We present results based on a single physician review of each VA. We have as part of this broader study a substudy comparing single review and double review with adjudication of conflicting reviews. For reasons of space, we have not presented the results from that substudy here. Our overall conclusions, however, presented in this paper on PCVA will not be affected by using only single review. In fact, we find that two readers do not improve performance over a single reader, confirming a result published for Andhra Pradesh . Based on purely probability theory grounds, double review should only improve the results of VA if a single physician is more than 50% likely to get the true cause correct. Given that a single physician is less than 50% likely to get the true cause correct, there is no theoretical argument in favor of double review, nor is there empirical support in our study.

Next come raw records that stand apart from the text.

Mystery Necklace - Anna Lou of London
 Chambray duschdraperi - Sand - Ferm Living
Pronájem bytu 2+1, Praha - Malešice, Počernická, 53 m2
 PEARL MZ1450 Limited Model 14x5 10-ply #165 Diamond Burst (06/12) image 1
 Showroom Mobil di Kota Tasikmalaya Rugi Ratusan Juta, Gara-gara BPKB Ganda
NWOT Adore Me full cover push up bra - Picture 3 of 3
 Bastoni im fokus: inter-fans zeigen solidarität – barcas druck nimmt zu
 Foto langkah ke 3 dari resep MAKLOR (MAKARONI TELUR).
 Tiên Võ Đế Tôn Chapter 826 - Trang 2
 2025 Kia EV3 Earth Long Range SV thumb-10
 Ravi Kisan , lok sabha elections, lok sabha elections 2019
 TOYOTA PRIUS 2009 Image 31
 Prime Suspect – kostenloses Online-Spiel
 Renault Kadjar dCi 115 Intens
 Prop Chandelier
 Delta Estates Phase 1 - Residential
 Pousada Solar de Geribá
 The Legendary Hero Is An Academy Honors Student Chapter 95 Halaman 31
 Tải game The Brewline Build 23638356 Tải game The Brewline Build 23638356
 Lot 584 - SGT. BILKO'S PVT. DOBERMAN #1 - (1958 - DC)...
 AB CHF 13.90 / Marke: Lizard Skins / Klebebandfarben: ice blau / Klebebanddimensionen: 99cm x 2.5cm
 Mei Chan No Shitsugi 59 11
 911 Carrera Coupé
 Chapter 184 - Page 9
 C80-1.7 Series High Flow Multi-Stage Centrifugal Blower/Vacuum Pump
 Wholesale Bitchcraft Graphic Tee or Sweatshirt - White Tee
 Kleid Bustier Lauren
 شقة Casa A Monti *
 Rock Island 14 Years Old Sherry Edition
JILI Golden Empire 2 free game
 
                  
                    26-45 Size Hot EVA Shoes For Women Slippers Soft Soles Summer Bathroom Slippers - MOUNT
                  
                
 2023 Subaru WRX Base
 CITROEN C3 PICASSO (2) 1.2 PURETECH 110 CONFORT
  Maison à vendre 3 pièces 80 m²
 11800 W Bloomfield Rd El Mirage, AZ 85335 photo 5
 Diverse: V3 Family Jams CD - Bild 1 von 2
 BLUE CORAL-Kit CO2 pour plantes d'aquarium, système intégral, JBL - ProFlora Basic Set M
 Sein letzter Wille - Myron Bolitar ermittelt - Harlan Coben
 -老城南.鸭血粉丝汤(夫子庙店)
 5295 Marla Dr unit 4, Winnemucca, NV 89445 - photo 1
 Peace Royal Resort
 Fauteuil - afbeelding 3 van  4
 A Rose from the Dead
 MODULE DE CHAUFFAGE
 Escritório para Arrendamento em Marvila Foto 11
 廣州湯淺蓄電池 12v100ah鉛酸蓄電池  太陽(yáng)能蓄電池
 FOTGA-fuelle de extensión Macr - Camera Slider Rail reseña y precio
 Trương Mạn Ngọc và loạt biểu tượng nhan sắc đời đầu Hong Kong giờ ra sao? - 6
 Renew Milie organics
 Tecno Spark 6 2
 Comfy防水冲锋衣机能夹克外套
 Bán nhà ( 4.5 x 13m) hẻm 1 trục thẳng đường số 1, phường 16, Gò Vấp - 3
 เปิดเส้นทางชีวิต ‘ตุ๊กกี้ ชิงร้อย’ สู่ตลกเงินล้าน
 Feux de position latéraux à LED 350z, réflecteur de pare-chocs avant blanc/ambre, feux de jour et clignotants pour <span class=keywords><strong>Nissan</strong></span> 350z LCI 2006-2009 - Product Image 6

Our finding that physicians vary markedly in their ability to assign the true cause controlling for cause of death, availability of HCE, and whether a physician is from the site or another location has important implications. It suggests that despite standardized training, all physicians are not equal in their ability to assign causes of death. Given that physicians vary in diagnostic skill for patients when they are alive, it should not be surprising that some physicians are better than others at reading verbal autopsies. This reality is one further challenge to implementing PCVA. The marked sensitivity of the results to the diagnostic ability of different physicians and their prior views on the prevalence of diseases suggests that more rigorous screening and training of physicians who undertake PCVA could improve the results. This highlights the major implementation challenge that many are facing: it is costly, time-consuming, and difficult to recruit and motivate physicians to read large numbers of VAs. Recruiting physicians with better diagnostic acumen and ability to accurately assign causes of death given a VA could be even more problematic. PCVA by its nature has substantially lower reproducibility than automated statistical or machine-learning methods for VA analysis.